Vision du monde : la justesse intérieure

Conditions de vie : le monde est un ensemble de systèmes complexes inter-reliés, et dont il faut assurer la viabilité. L’humanité est un système ouvert et sa survie dépend donc de celle de toute vie. Pour bien vivre dans un monde marqué par le changement et l’incertitude, il est vain de vouloir contrôler la vie en lui imposant une direction. Il convient de lâcher prise et d’être attentif à la vie qui demande à vivre à travers nous. L’objectif de la vie s’inscrit dans le cadre de principes personnels, pour mettre en œuvre son indépendance et une affirmation de soi, travailler à devenir ce qu’on est, réaliser ce pour quoi ils sont faits.

Thème : Exprimer le soi, mais jamais aux dépend des autres, pour que toute vie puisse continuer de manière naturelle et fonctionnelle.
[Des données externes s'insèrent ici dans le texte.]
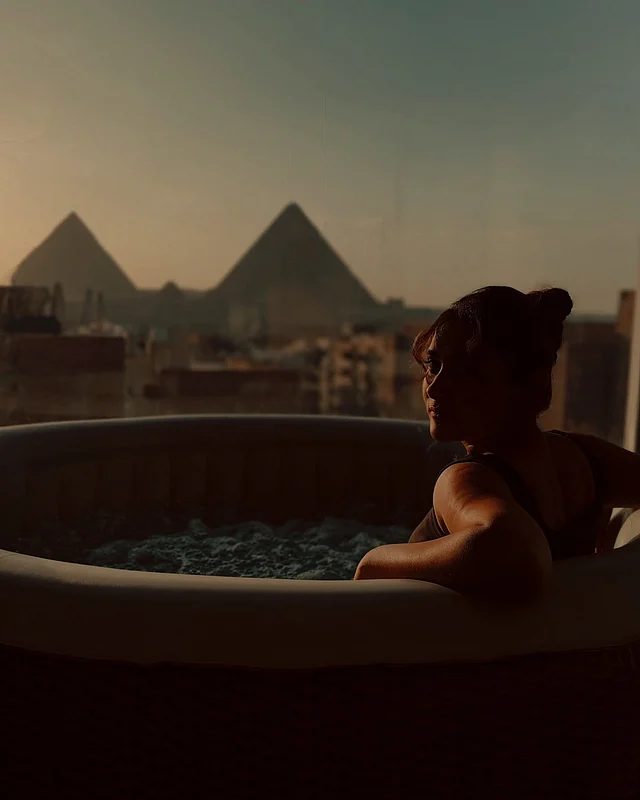 পিরামিড দর্শনে এমন উষ্ণ পানির চৌবাচ্চায় কালো ট্যাংক টপে দেখা যাচ্ছে মেহজাবীন চৌধুরীকে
Pensée et développement cognitif : systémique et globalité

Le monde est perçu comme un déploiement progressif de notre vraie nature tant personnelle que collective. Et certains modes de pensée vont nous y aider :

La pensée paradoxale : La révolution cognitive du stade Jaune est celle de la pensée paradoxale. Le monde peut être perçu à deux niveaux : celui superficiel de la forme dans lequel existe bien des vérités opposés (Ou bien A , ou bien B, chaud ou froid, solide ou liquide…etc) et le monde dans lequel les opposés peuvent coexister simultanément et se complètent (le yin et le yang, la vie et la mort, le masculin et le féminin, le mental et le corps, la lumière et l’ombre, la liberté et la responsabilité, vie personnelle et vie privée, l’égo et l’âme, l’égoïsme et la générosité. Nous cherchons à réunir ces différents aspects de notre expérience pour être entier dans la relation à autrui. Au stade Jaune, nous sommes capables de dépasser les oppositions binaires et de les intégrer au sein d’une vérité supérieure du non-jugement.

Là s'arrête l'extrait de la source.